_Directions_
With the pictures omitted, repeat exactly the lines below starting with the line that has "칼하트 wip 리버시블 퀼팅자켓" and going on through the line that has "Edding Acryllack Rost".

_Information shown_
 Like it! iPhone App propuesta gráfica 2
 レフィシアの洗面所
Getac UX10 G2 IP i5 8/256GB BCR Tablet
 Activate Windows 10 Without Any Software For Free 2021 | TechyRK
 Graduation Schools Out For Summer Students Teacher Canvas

==

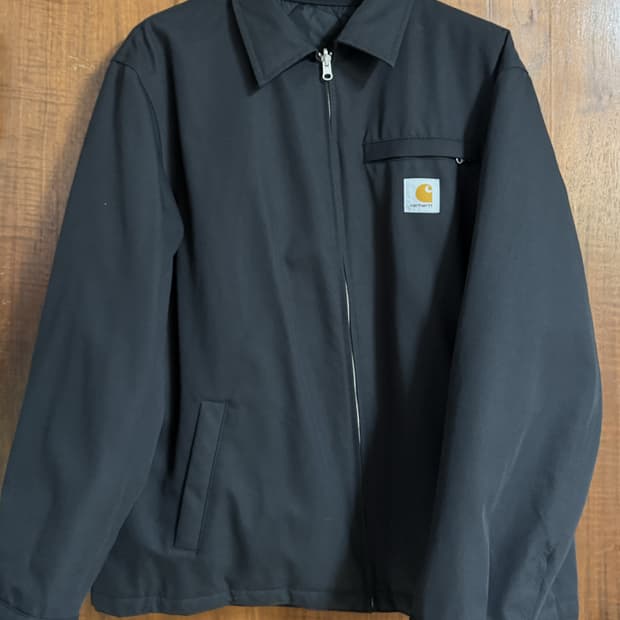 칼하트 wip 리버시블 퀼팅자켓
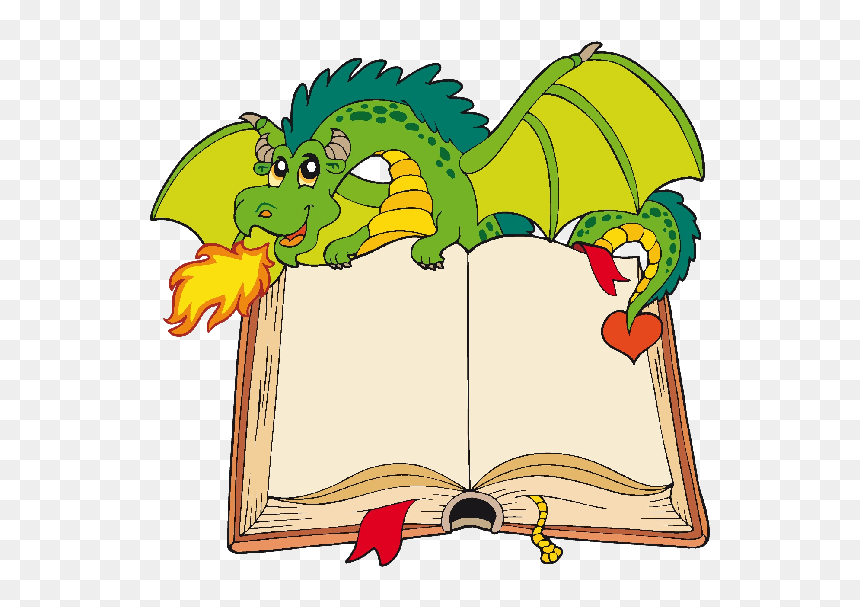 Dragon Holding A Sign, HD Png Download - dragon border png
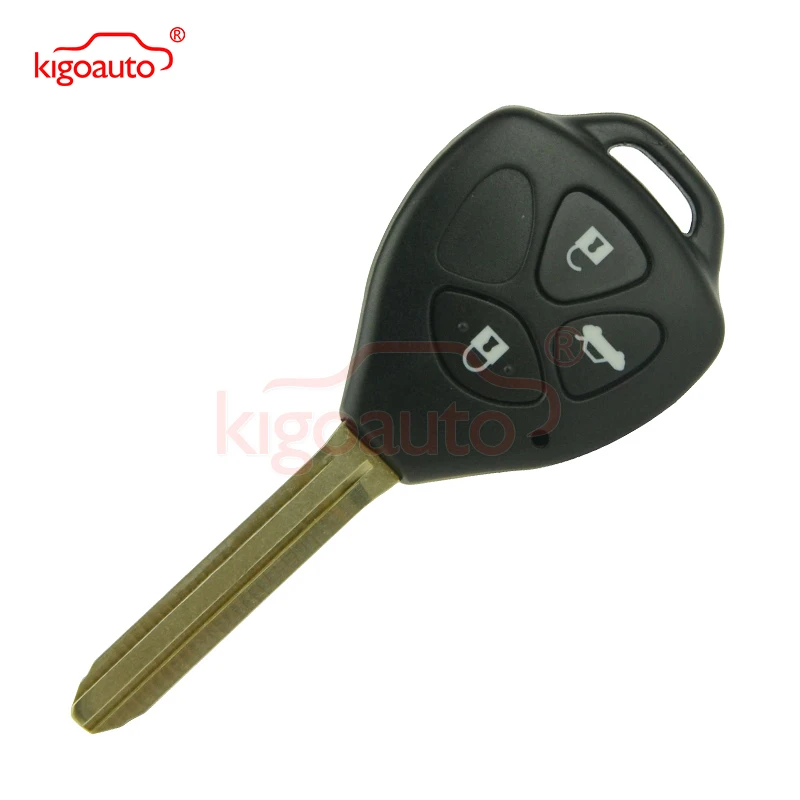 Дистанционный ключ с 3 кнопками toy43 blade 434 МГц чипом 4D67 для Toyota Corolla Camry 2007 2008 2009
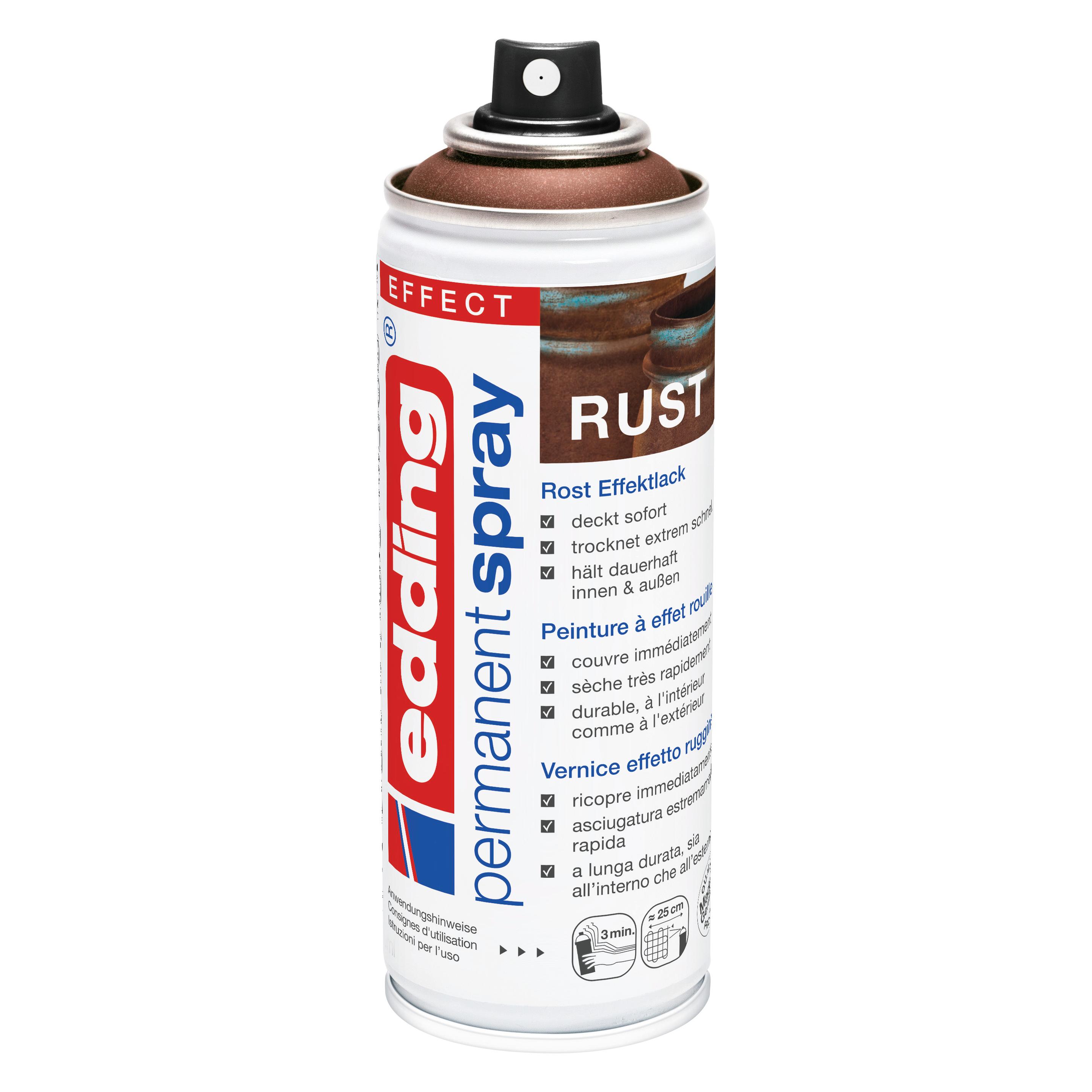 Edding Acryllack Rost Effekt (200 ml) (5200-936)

---

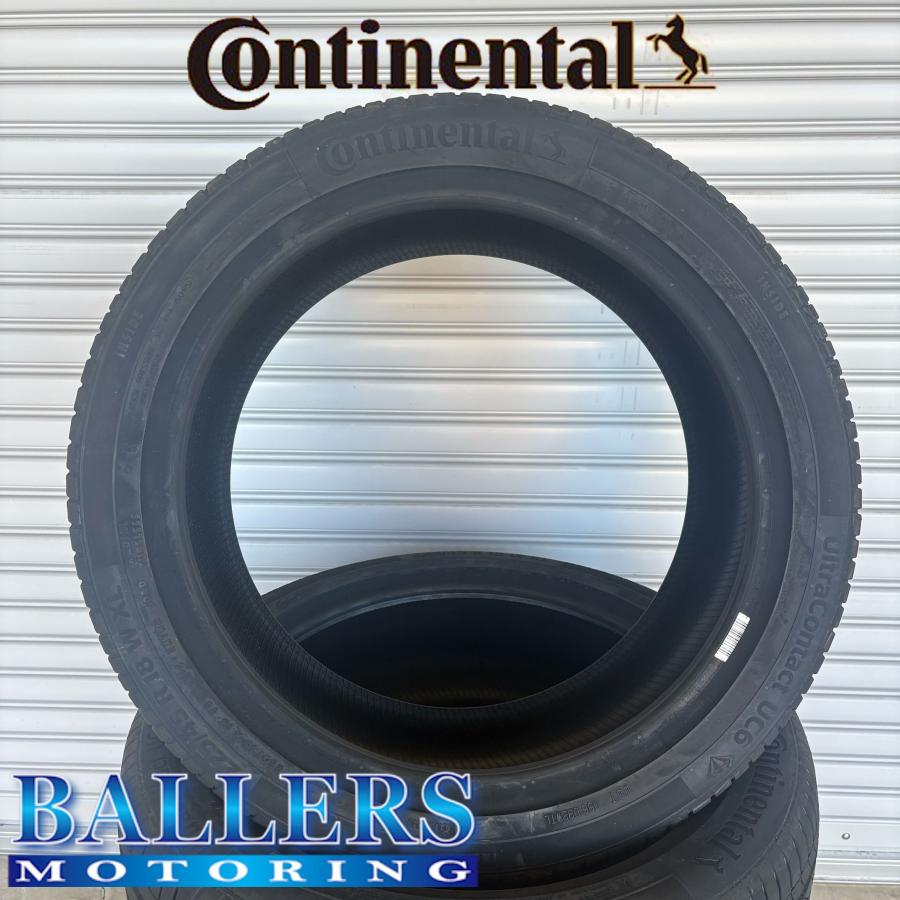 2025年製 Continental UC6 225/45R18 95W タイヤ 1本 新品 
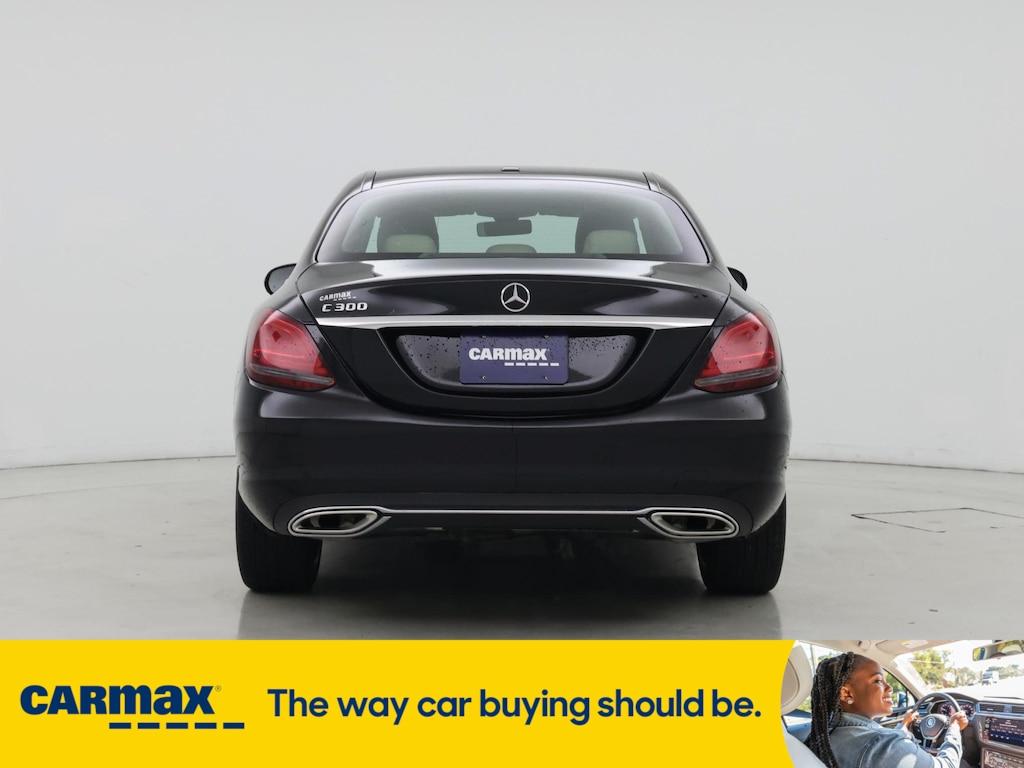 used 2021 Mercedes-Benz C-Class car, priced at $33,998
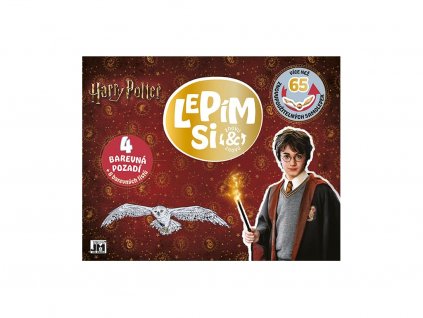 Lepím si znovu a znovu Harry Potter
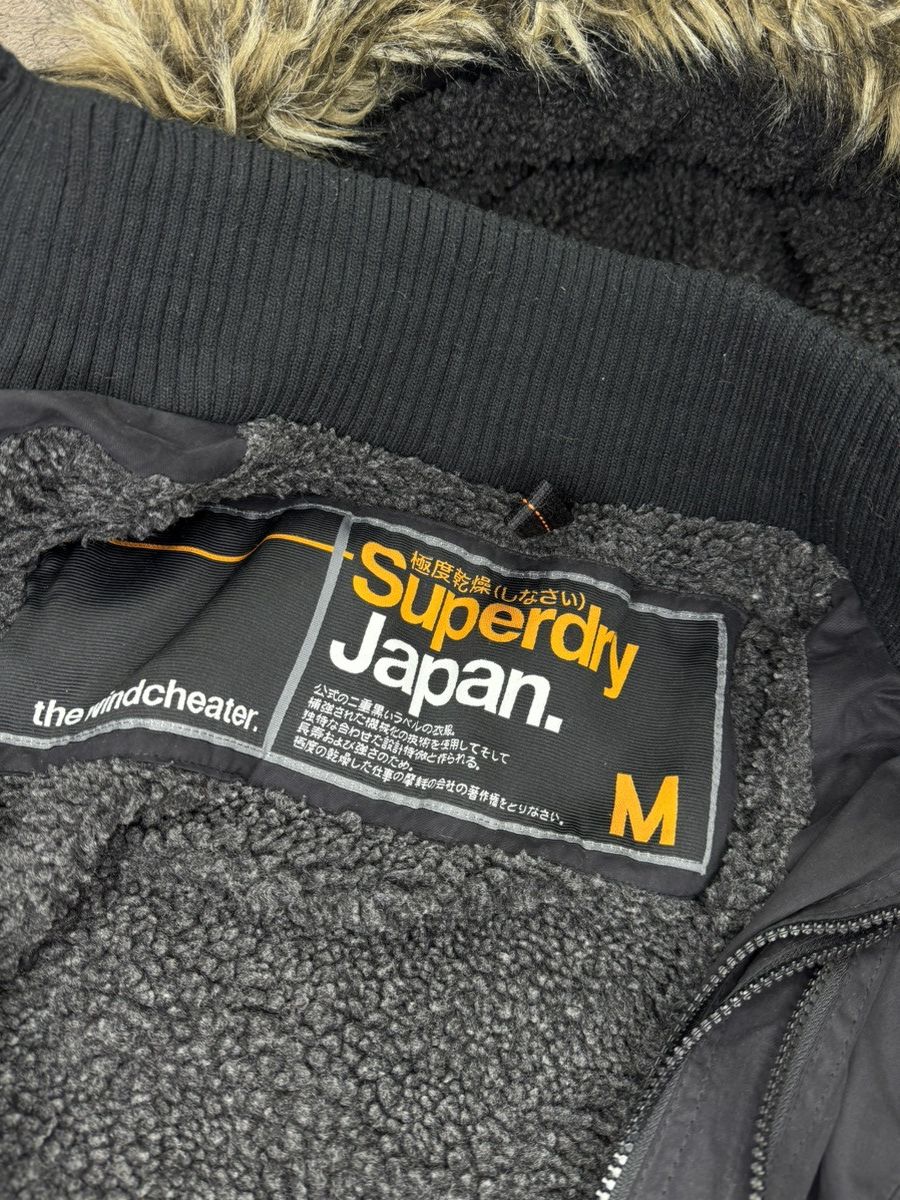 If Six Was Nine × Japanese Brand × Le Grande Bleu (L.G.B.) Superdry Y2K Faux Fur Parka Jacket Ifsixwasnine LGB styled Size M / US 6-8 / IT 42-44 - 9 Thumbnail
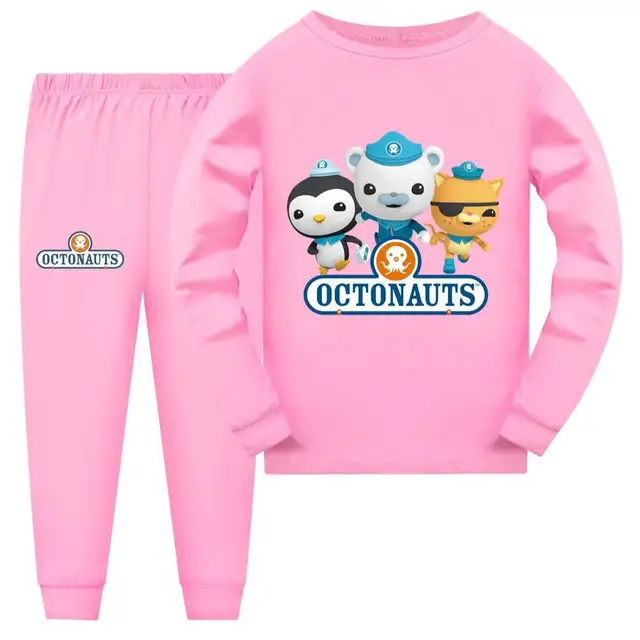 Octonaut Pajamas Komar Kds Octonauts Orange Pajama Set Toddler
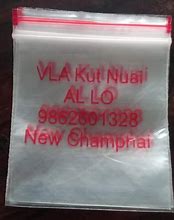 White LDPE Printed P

_Expected answer_
 칼하트 wip 리버시블 퀼팅자켓
 Dragon Holding A Sign, HD Png Download - dragon border png
 Дистанционный ключ с 3 кнопками toy43 blade 434 МГц чипом 4D67 для Toyota Corolla Camry 2007 2008 2009
 Edding Acryllack Rost Effekt (200 ml) (5200-936)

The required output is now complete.